[DATA FOR THIS EXERCISE]
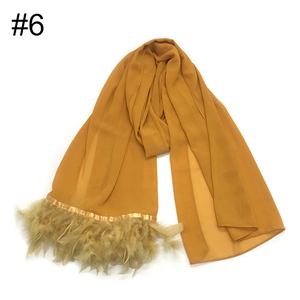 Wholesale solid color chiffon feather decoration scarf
--
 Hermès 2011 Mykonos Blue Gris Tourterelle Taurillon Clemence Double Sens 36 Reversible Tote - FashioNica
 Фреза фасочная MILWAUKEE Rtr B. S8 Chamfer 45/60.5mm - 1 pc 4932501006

[ABOUT THIS TASK] Working from the material above, restate word for word the lines between the line with "Hermès 2011 Mykonos" and the line with "Фреза фасочная MILWAUKEE", both included, and only those.

[RESULT OF THE TASK]
 Hermès 2011 Mykonos Blue Gris Tourterelle Taurillon Clemence Double Sens 36 Reversible Tote - FashioNica
 Фреза фасочная MILWAUKEE Rtr B. S8 Chamfer 45/60.5mm - 1 pc 4932501006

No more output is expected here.